## What you need to do:
With the pictures removed, write out the data below exactly.

• • •

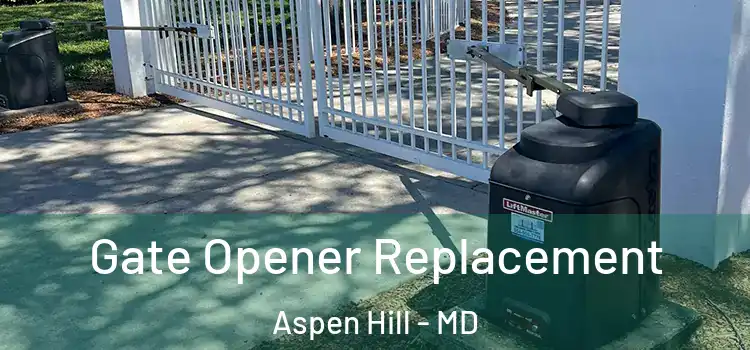 Gate Opener Replacement Aspen Hill - MD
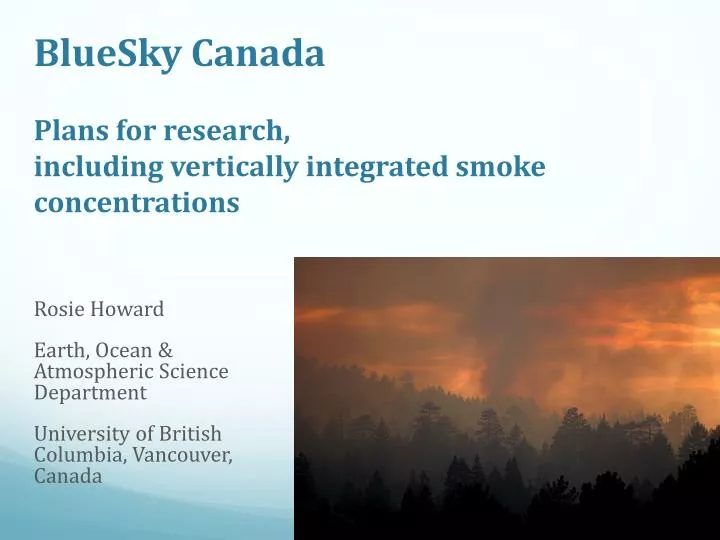 bluesky canada plans for research including vertically integrated smoke concentrations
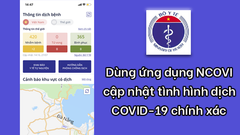  Cách dùng ứng dụng NCOVI cập nhật tình hình dịch COVID-19 chính xác 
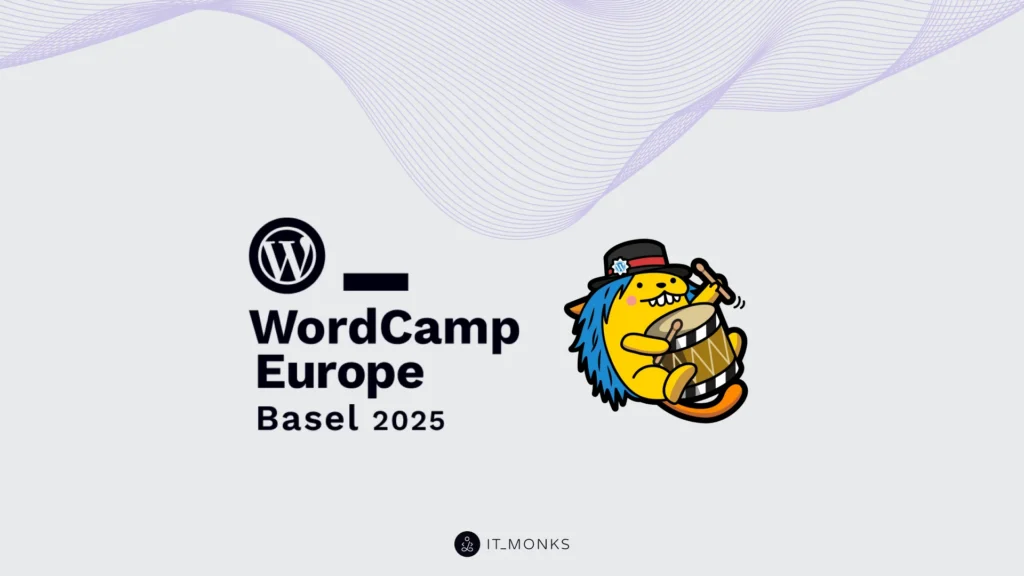 IT Monks at WordCamp Europe 2025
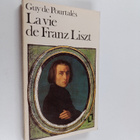 Guy de Pourtales : La vie de Franz Liszt - pikkukuva 1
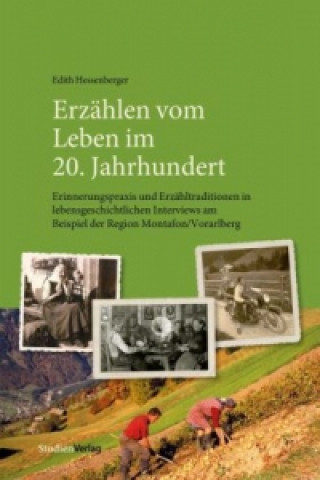 Carte Erzählen vom Leben im 20. Jahrhundert Edith Hessenberger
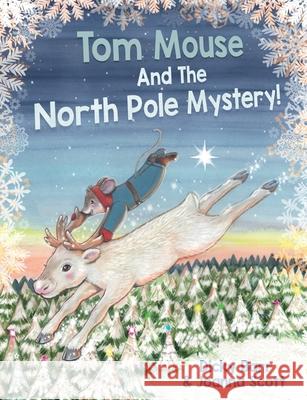 Tom Mouse And The North Pole Mystery! Dicky Barr Joanna Scott 9781999956936 Tom Mouse Publishing Limited - książka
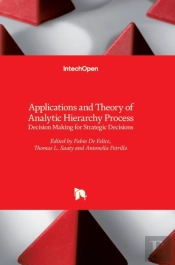 Applications And Theory Of Analytic Hierarchy Process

• • •

## Answer to this exercise:
 Gate Opener Replacement Aspen Hill - MD
 bluesky canada plans for research including vertically integrated smoke concentrations
  Cách dùng ứng dụng NCOVI cập nhật tình hình dịch COVID-19 chính xác 
 IT Monks at WordCamp Europe 2025
 Guy de Pourtales : La vie de Franz Liszt - pikkukuva 1
 Carte Erzählen vom Leben im 20. Jahrhundert Edith Hessenberger
 Tom Mouse And The North Pole Mystery! Dicky Barr Joanna Scott 9781999956936 Tom Mouse Publishing Limited - książka
 Applications And Theory Of Analytic Hierarchy Process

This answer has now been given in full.